Em linha sequencial, os parágrafos 11, 11A, 12 e 13 da IAS 39 buscam encadear um racional explícito das condições a serem atendidas para que haja a correta separação entre o componente derivativo dos demais instrumentos financeiros formadores do híbrido.

Conforme mencionada, a primeira verificação reside na avaliação dos riscos e na natureza econômica dos itens que compõem o contrato. Posteriormente caberá avaliar se, após a referida segregação, um ou mais componentes do arranjo inicial possuem de forma concomitante as características de um derivativo, como seguem: i) valor inicial nulo ou pequeno; ii) atrelamento a um ativo subjacente; e iii) liquidação em data futura. Por fim, o instrumento híbrido não poderá estar sendo medido pelo valor justo com as alterações reconhecidas no resultado.
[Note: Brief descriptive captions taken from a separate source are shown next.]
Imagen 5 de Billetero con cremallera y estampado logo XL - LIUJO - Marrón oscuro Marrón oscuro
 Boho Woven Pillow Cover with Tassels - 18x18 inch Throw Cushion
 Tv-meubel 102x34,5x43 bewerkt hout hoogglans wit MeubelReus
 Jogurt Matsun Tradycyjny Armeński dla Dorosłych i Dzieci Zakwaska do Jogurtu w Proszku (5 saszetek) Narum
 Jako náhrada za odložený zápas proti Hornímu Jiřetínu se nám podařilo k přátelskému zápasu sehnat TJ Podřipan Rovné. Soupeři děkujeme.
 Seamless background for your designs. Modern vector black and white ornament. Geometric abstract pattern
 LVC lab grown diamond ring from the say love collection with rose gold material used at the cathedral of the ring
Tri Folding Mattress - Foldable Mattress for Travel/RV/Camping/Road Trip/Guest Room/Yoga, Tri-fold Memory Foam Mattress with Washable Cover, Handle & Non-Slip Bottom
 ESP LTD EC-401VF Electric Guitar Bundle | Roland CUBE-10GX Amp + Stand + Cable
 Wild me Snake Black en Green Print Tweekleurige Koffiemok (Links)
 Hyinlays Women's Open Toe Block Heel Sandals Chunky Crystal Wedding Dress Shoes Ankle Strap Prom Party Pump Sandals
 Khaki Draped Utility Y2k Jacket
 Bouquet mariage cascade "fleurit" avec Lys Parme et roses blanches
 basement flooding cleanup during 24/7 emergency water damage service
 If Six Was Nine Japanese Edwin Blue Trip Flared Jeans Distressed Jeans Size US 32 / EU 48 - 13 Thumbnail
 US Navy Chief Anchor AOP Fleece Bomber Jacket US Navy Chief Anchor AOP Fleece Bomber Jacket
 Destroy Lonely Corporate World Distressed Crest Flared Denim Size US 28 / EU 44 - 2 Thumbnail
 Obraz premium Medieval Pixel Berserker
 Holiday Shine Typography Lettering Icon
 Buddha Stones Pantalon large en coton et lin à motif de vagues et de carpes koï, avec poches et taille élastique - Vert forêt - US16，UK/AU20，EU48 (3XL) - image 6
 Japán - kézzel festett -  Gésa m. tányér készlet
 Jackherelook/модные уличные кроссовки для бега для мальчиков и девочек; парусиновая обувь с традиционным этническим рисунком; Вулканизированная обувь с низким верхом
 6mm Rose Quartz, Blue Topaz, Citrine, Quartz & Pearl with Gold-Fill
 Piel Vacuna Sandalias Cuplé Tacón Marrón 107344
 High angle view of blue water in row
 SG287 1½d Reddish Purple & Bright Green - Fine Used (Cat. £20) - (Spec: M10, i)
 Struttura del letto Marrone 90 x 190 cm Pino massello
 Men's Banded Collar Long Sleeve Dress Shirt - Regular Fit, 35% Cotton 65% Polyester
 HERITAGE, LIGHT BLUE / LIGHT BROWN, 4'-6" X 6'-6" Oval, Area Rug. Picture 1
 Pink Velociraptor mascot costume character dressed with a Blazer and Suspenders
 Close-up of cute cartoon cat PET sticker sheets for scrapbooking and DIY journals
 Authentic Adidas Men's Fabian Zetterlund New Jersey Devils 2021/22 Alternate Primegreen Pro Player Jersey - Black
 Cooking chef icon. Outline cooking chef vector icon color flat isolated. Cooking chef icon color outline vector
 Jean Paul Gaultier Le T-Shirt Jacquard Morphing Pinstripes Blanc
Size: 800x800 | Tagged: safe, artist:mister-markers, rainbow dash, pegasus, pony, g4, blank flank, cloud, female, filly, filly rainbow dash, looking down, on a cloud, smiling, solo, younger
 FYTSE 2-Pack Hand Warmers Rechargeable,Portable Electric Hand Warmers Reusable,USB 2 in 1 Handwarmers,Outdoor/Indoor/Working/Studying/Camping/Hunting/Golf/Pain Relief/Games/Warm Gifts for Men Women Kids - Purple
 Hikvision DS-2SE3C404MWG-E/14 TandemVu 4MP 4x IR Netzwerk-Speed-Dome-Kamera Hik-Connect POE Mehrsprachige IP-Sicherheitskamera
Em suma, verifica-se que o tratamento contábil preconizado tanto pela IAS 32 quanto pela IAS 39 trata basicamente duas das três categorias mencionadas na seção 2.2, sendo: (i) títulos formados pela junção de um componente de mercado à vista e outro de mercado a prazo, isto é, derivativos embutidos; e (ii) instrumentos compostos. Para tanto, tais normativos buscam pormenorizadamente evidenciar características econômico-financeiras do instrumento, a fim de que sirvam como direcionadores, senão uníssonos, ao menos eficazes para sua contabilização.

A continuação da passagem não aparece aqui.